公開:2021/10/18
更新:2021/10/15
映像×振り返り
振り返りがとても重要なのは指導者の方なら百も承知だと思いますが、映像を用いることでより振り返りに具体性が増します。
実践学園中では、振り返り、リフレクションをとても大事にされているそうです。映像活用において、「スカウティング」「モデリング」「リフレクション」を掲げる中で「リフレクション」の占める割合が一番大きいと仰っていました。
Googleフォームを利用し、映像を見て、その振り返りを入力しているそうです。「状況を打開できる選手」の育成を掲げ、メタ認知能力を養うためにも映像を使った振り返りをしています。メタ認知とは自分自身を客観的に見て制御することです。メタ認知能力が高まると、自分自身をより把握できるようになり、「自分で成長していける選手」になっていくと考えているそうです。
状況を打開できる選手になるためには、その場で自分自身を客観視し、自分で打開策を考え、見つけられるようになる必要があります。映像は自分を客観視するためのツールとしては最適です。映像なしで振り返るには記憶を辿るしかありません。しかも、記憶は主観的です。バスケノートをつけるにしても映像も併用していくべきだと思います。
またこの客観視という点においては、千葉経済大学附属の池端監督も言及していました。練習試合を撮影し、映像を見て振り返ることを繰り返したことで「自身を客観的に見ることで、 夢中にやるだけじゃなく、考える機会になったと思う」と仰っていました。そして、これを繰り返しやっていけば成果にもなると思う、とも仰っていました。
やはり振り返りは重要です。

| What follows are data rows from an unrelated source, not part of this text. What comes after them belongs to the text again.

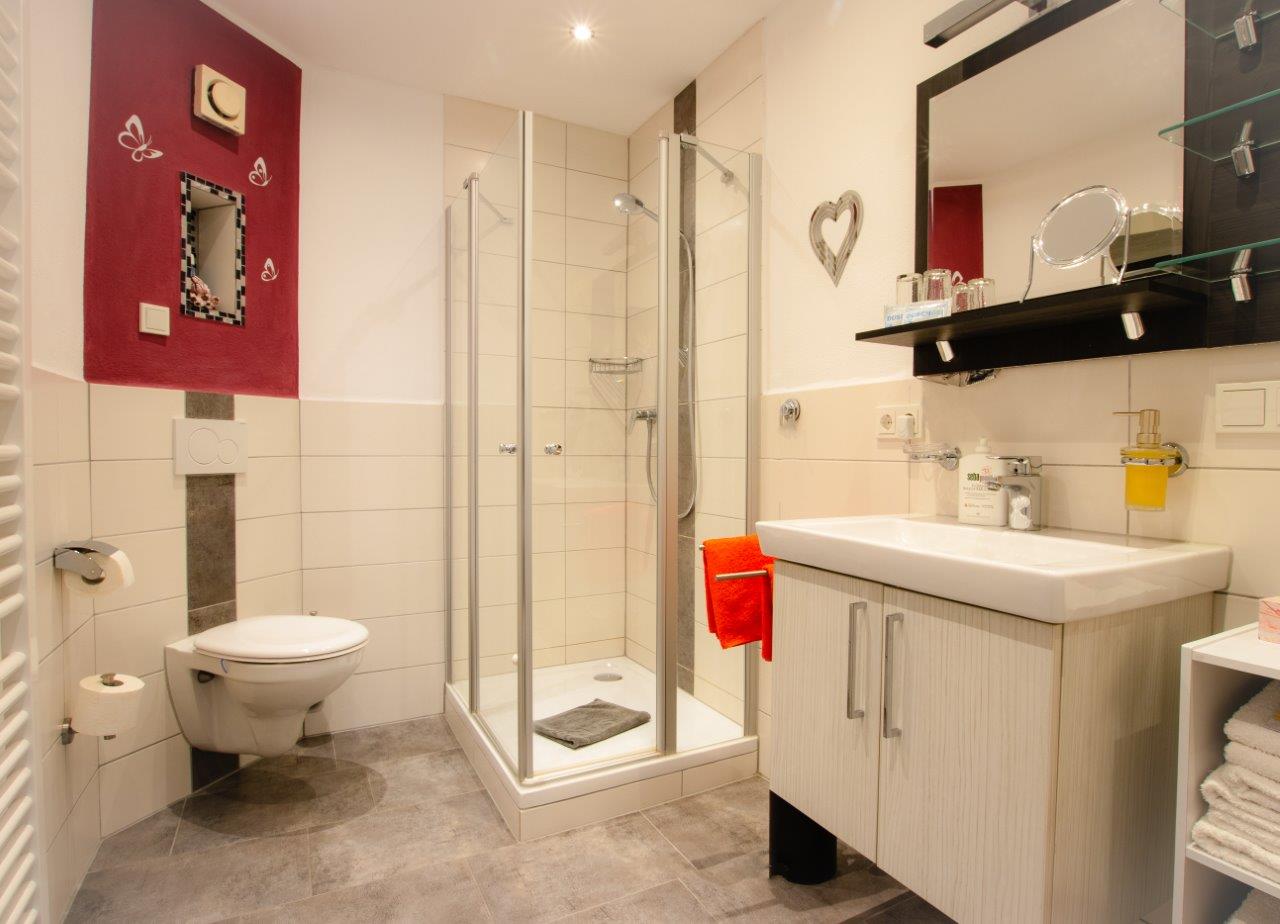 Modernes Waschbecken im Badezimmer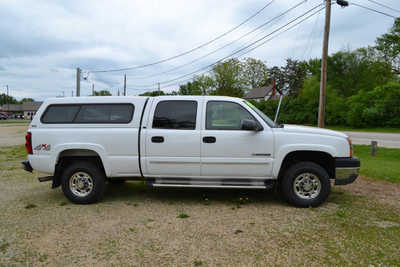 2003 Chevrolet 2500 Crew Cab, $17488. Photo 2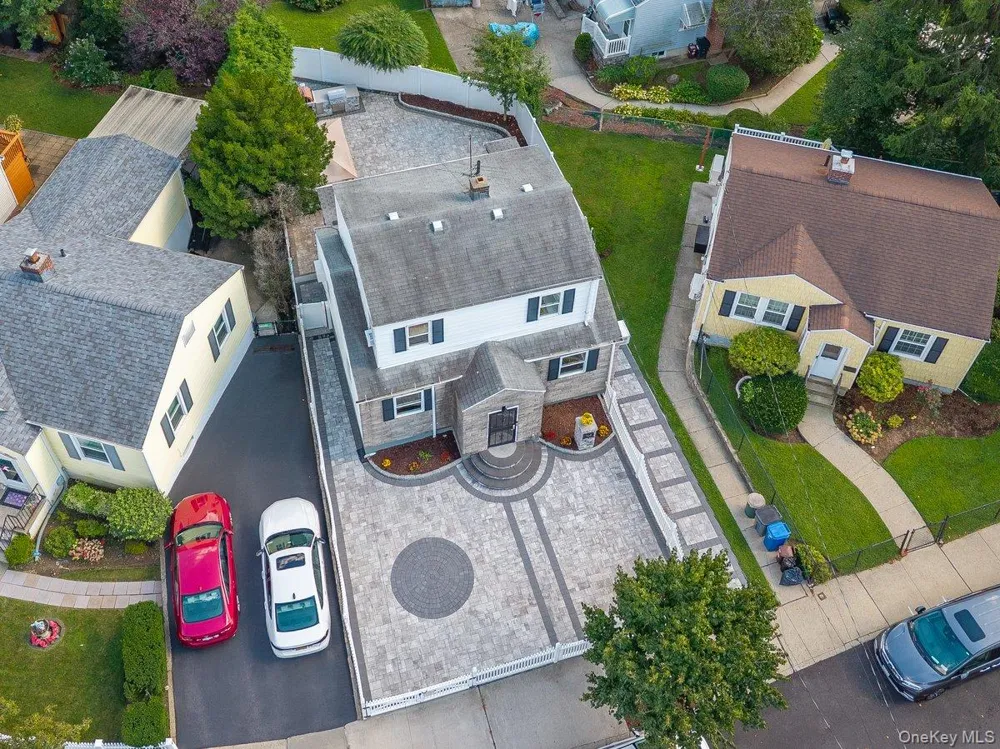 2566 Flint Avenue Bronx, NY 10475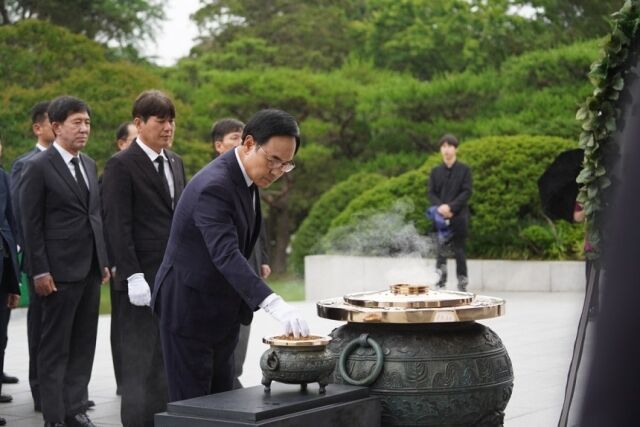 이용배(가운데) 현대로템 대표이사가 25일 국립서울현충원 현충탑에서 순국선열 및 호국 영령에 분향하고 있다. /현대로템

学業でも、試験受けっぱなし、小テスト受けっぱなしでは今の実力がなんとなく分かるだけです。向上させることは無理です。また人間の記憶は曖昧です。テストで解答用紙を見て振り返るように、バスケでも映像という解答用紙を見て振り返理をするのがベストではないでしょうか。
育成年代におけるスカウティング
育成年代のスカウティングには特に議論は尽きません。プレイヤーの競技の習熟度やIQはもちろん、教育的観点も踏まえて考える必要があります。
ただ、その中でも共通点がありました。それは、「スカウティングしたデータや映像はある一面でしかないこと」です。これはシリーズvol.1のセミナーでも講師の方が仰っていました。やはりスカウティングした結果をプレイヤーに伝える上で、その見せ方、伝え方はとても慎重に考えていく必要があるようです。
ただ、その上で千葉経済大学附属の池端監督は、
「でも、そういうゲームをしたことも事実」
「記録で何点、アベレージ何割ということよりも映像の方が自分自身の『あっ、そうだ!』という確信に近いものにはなると思うですね。それを割と自信を持って子供たちに」
と仰っていました。そして、その映像を見て感じたものを、部分的に生徒たちに伝えていくそうです。
実践学園では、プレイヤーが次戦の相手の映像を見て、対策を考えてプレゼンするそうです。森先生は生徒から「映像ありませんか?」と聞かれるそう。プレイヤーが映像を見て対策を自分たちで考えるのは、鈴木良和さんが指導するCPMでも同様です。自分たちが何ができるか、どこまでできるかは自分自身がよく分かっています。その上で考えた対策は身の丈にあった対策になるようです。
ただ、対策は今までの経験や知識からしか出てきません。生徒が主体的に考えてトライすることは非常に重要であることを踏まえた上で、大人からその先を教えてあげることも大事だと思います。ただ、生徒にやらせるだけではなく、コーチはそのあとリアクションも考えておくべきだと講師の方々と話してきて感じています。
以上が「映像を使う」ということです。ただ撮って、ただ切り取って、ただ見せるのではなく、編集や見せ方次第で多くの効果が期待できます。スカウティングに関しても、今回ご登壇いただいた3チームとも、カテゴリー、性別が違えど、映像をしっかり活用して行っていました。